Please restate each line of the data that follows word for word, skipping any image.
------ SOURCE MATERIAL
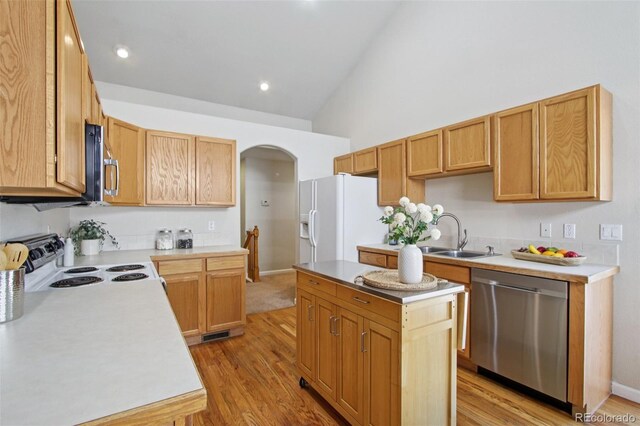 13959 E 106th Ave, Commerce City, CO 80022 - photo 12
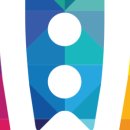 워시존 의정부점 이미지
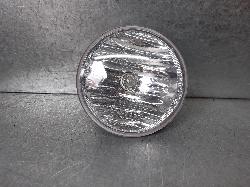 View Auto part Left Indicator/Fog/Side Holden Captiva 2016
------------
### REPLY:
 13959 E 106th Ave, Commerce City, CO 80022 - photo 12
 워시존 의정부점 이미지
 View Auto part Left Indicator/Fog/Side Holden Captiva 2016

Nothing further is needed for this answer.